THE PROBLEM:
Restate all the data word for word and omit the pictures.

COLLECTED MATERIAL:
++++++++

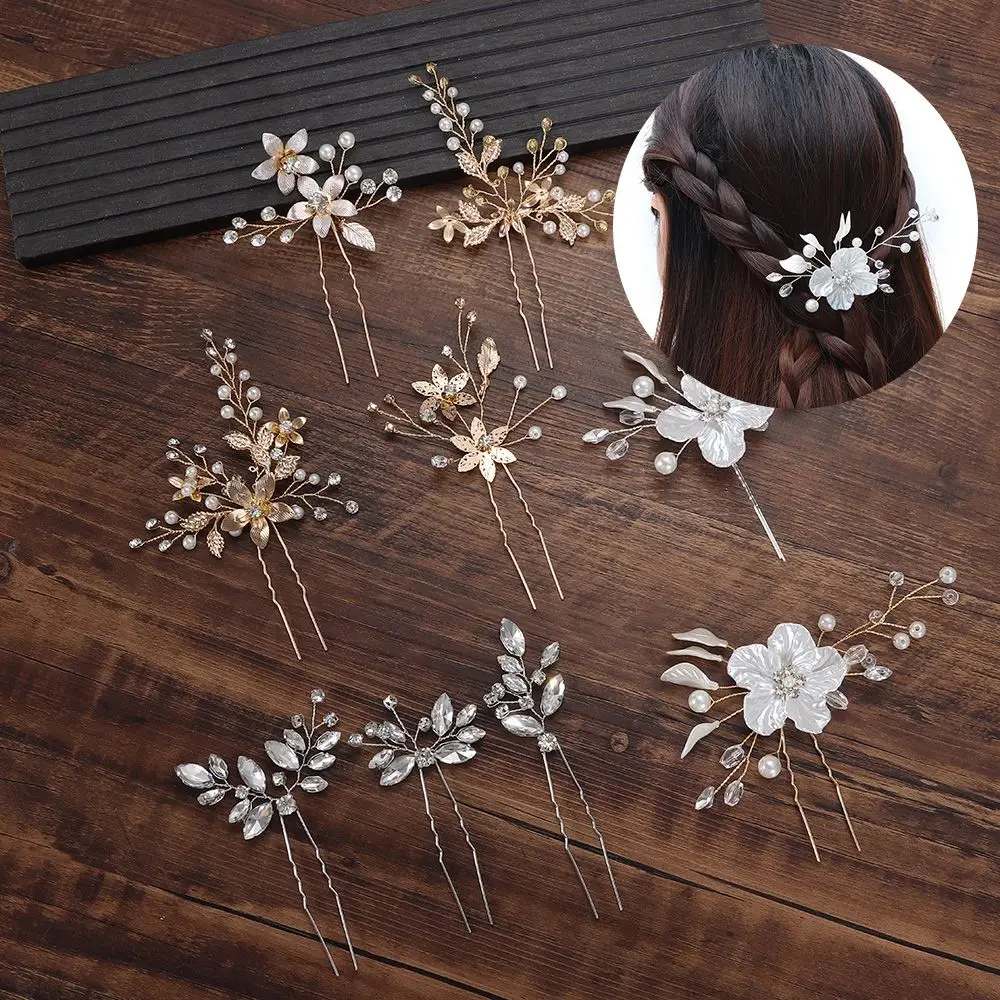 

Crystal Wedding Hair Jewelry Bridesmaid Accessories Headwear Headpieces Hair Clips Women Hairpins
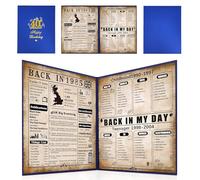 back in 1985 Birthday Poster, 40th Birthday Gifts For Men, 1985 Birthday Gifts Ideas For Him, Happy 40 Years Birthday Present For Dad,Brother, Blue Eco-Friendly Foldable Paper 8×10 Inch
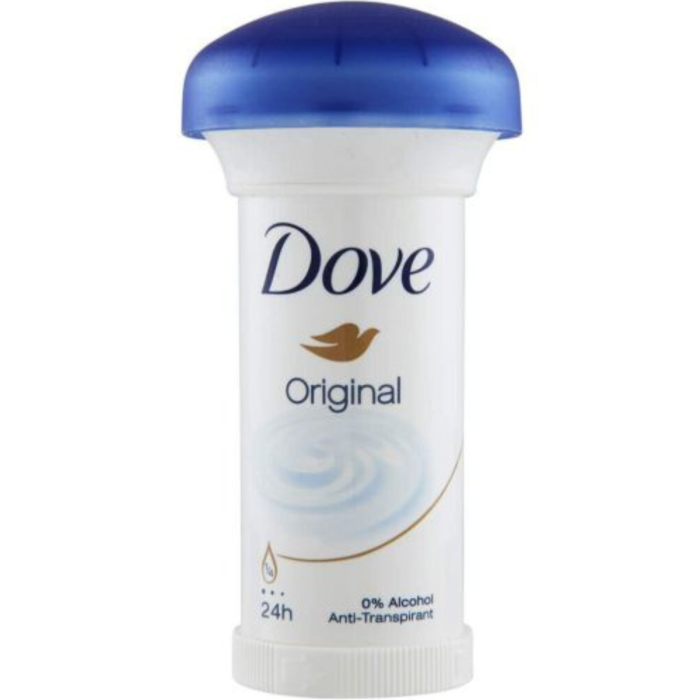 Dove Original Cream Antiperspirant Deodorant 50ml - product detail | CC Hair & Beauty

++++++++

TASK RESULT:
Crystal Wedding Hair Jewelry Bridesmaid Accessories Headwear Headpieces Hair Clips Women Hairpins
 back in 1985 Birthday Poster, 40th Birthday Gifts For Men, 1985 Birthday Gifts Ideas For Him, Happy 40 Years Birthday Present For Dad,Brother, Blue Eco-Friendly Foldable Paper 8×10 Inch
 Dove Original Cream Antiperspirant Deodorant 50ml - product detail | CC Hair & Beauty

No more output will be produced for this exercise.